# keeping micro crickets alive



## vr6_12v (Nov 10, 2009)

orderd some micro crickets on wednesday ready for the green anoles i got today, recieved them on friday and they was perfect non dead fed them bug grub and put a bit of greens in there and now they are all dead. all the other crickets i get for my beardies are fine and i give them the same stuf. what do i need to do different to keep these tiny ones alive?
thanks. stu


----------



## grumpyoldtrout (May 19, 2008)

Might have been a humidity problem, Crix do not like it humid. We use a small faunarium with some egg tray strips, our dry roach mix as substrate and a very small piece of carrot for moisture.

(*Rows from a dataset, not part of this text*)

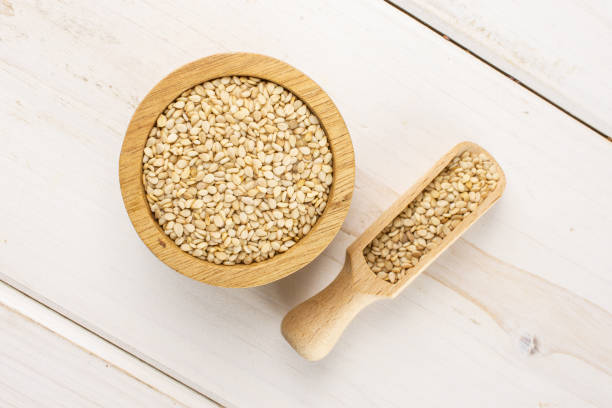Unpeeled sesame seeds on grey wood
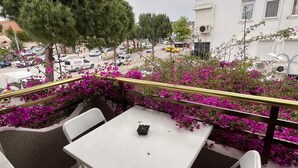 Eine einladende Terrasse mit weißen Tischen und Stühlen, umgeben von leuchtend violetten Blumen und Blick auf eine Straße mit parkenden Autos und Häusern.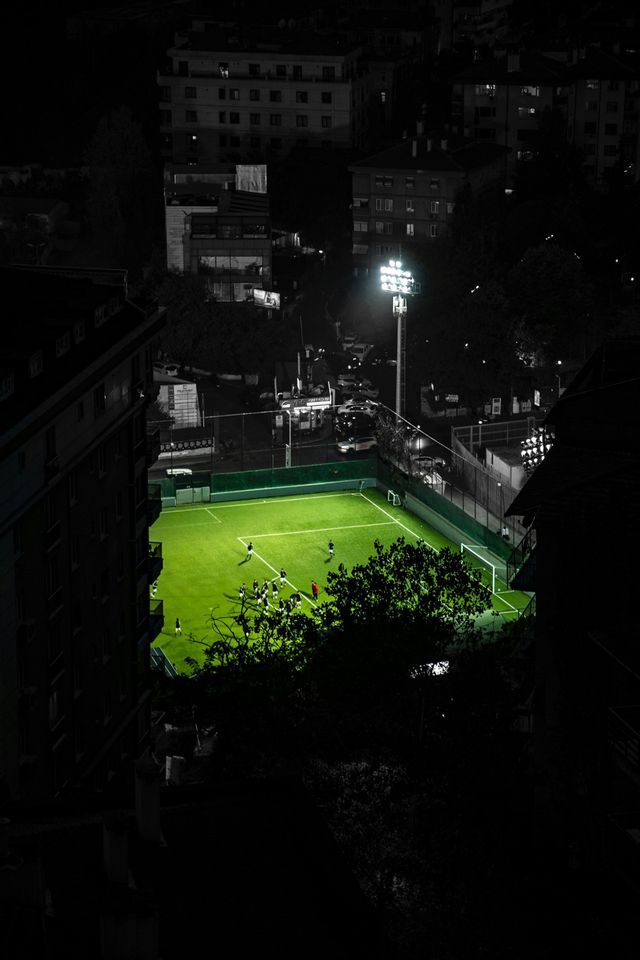 Veduta aerea di una partita di calcio su un campo verde brillantemente illuminato di notte, circondato da edifici scuri della città.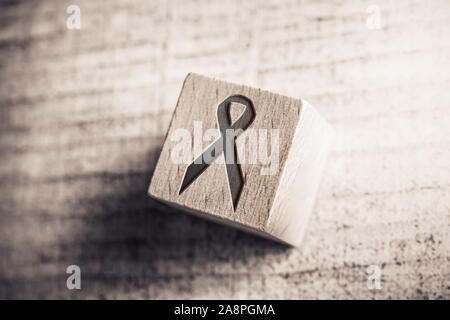 Black Death And RIP Ribbon On Wooden Block On A Table Stock Photo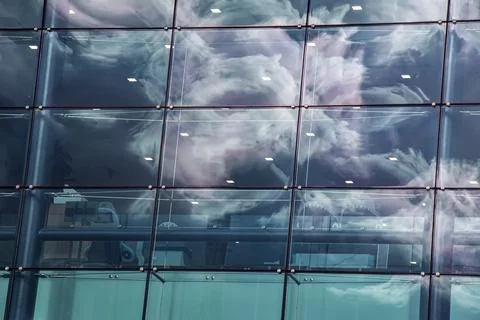 Dramatic Clouds Reflected in a Gridded Glass Facade Stock Photos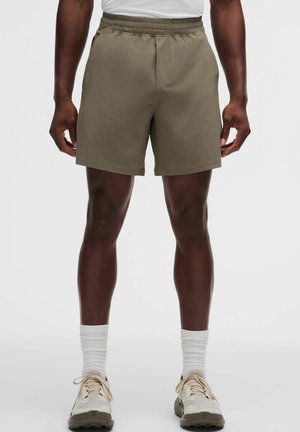 Man met olijfgroene shorts met elastische taille, witte sokken tot halverwege de kuit en beige hardloopschoenen, staand tegen een effen achtergrond.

Good guide here... http://www.reptileforums.co.uk/feeder/233213-livefoods-careguides.html#post3115504 with pics of a mass die off due to humidity. 

Hope this helps.


----------



## vr6_12v (Nov 10, 2009)

thanks for that . realy good guide. do you think they would get too hot if i kept the small tub in my beardies viv?


----------



## vr6_12v (Nov 10, 2009)

how can i stop the tubs getting condensation in them?


----------



## grumpyoldtrout (May 19, 2008)

With micro crix, in a faunarium you should not get any condensation, just keep the bits of egg trays down from the lid. I now have a bit of pollen netting between the faunarium and the lid after dropping one and most of them disappeared under the furniture. :blush::blush::blush:

Are you keeping them in the tub they came in? Faunariums have a lot more ventilation holes.


----------



## koolkid (Nov 14, 2009)

WOW nice link thanks!


----------



## HABU (Mar 21, 2007)

what the heck is a 'micro-cricket?'


----------



## grumpyoldtrout (May 19, 2008)

HABU said:


> what the heck is a 'micro-cricket?'



Just hatched ones, in blacks they look like moving dust. :2thumb:


----------